Jukebox

Illustration: Ben Barry

Research

Jukebox

We’re introducing Jukebox, a neural net that generates music, including rudimentary singing, as raw audio in a variety of genres and artist styles. We’re releasing the model weights and code, along with a tool to explore the generated samples.

Curated samples

Provided with genre, artist, and lyrics as input, Jukebox outputs a new music sample produced from scratch. Below, we show some of our favorite samples.

To hear all uncurated samples, check out our sample explorer.

Explore all samples

Motivation and prior work

Automatic music generation dates back to more than half a century.[^reference-1][^reference-2][^reference-3][^reference-4] A prominent approach is to generate music symbolically in the form of a piano roll, which specifies the timing, pitch, velocity, and instrument of each note to be played. This has led to impressive results like producing Bach chorals,[^reference-5][^reference-6] polyphonic music with multiple instruments,[^reference-7][^reference-8][^reference-9] as well as minute long musical pieces.[^reference-10][^reference-11][^reference-12]

But symbolic generators have limitations—they cannot capture human voices or many of the more subtle timbres, dynamics, and expressivity that are essential to music. A different approach[^footnote-approach] is to model music directly as raw audio.[^reference-13][^reference-14][^reference-15][^reference-16] Generating music at the audio level is challenging since the sequences are very long.[^reference-17] A typical 4-minute song at CD quality (44 kHz, 16-bit) has over 10 million timesteps. For comparison, GPT-2 had 1,000 timesteps and OpenAI Five took tens of thousands of timesteps per game. Thus, to learn the high level semantics of music, a model would have to deal with extremely long-range dependencies.

One way of addressing the long input problem is to use an autoencoder that compresses raw audio to a lower-dimensional space by discarding some of the perceptually irrelevant bits of information. We can then train a model to generate audio in this compressed space, and upsample back to the raw audio space.[^reference-25][^reference-17]

We chose to work on music because we want to continue to push the boundaries of generative models.
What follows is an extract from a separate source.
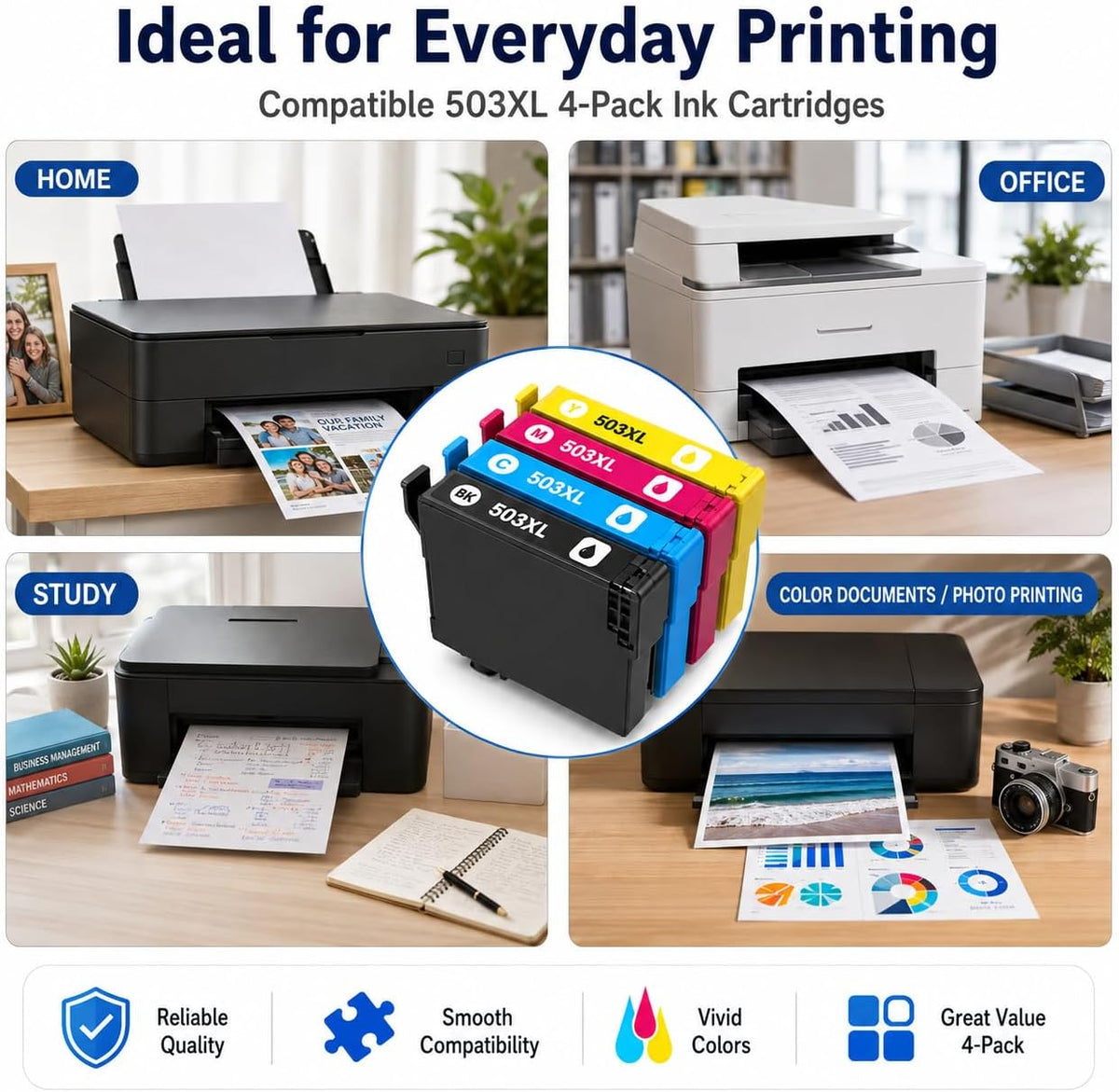 TAVICE 4X 503XL Ink Cartridges Compatible with Epson XP-5200 WF-2960 XP5200 WF2960 - Office Catch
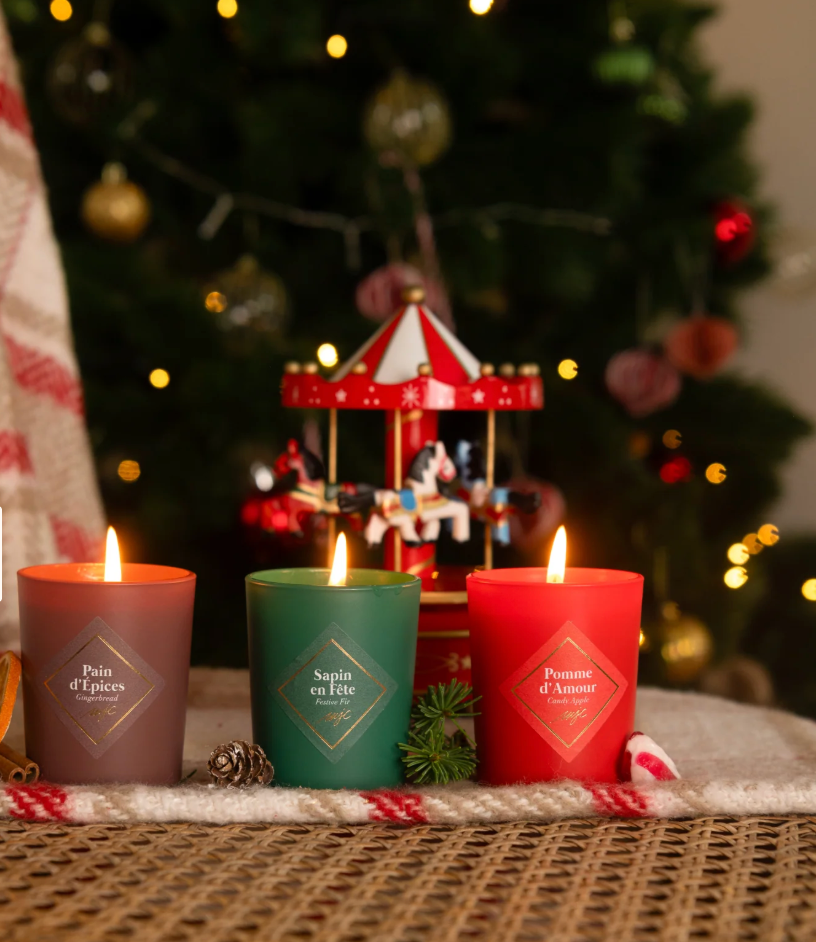 Coffret trio bougies de Noël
Our previous work on MuseNet explored synthesizing music based on large amounts of MIDI data. Now in raw audio, our models must learn to tackle high diversity as well as very long range structure, and the raw audio domain is particularly unforgiving of errors in short, medium, or long term timing.

Raw audio 44.1k samples per second, where each sample is a float that represents the amplitude of sound at that moment in time
Encode using CNNs (convolutional neural networks)
Compressed audio 344 samples per second, where each sample is 1 of 2048 possible vocab tokens
Generate novel patterns from trained transformer conditioned on lyrics
Novel compressed audio 344 samples per second
Upsample using transformers and decode using CNNs
Novel raw audio 44.1k samples per second

Approach

Compressing music to discrete codes

Jukebox’s autoencoder model compresses audio to a discrete space, using a quantization-based approach called VQ-VAE.[^reference-25] Hierarchical VQ-VAEs[^reference-17] can generate short instrumental pieces from a few sets of instruments, however they suffer from hierarchy collapse due to use of successive encoders coupled with autoregressive decoders. A simplified variant called VQ-VAE-2[^reference-26] avoids these issues by using feedforward encoders and decoders only, and they show impressive results at generating high-fidelity images.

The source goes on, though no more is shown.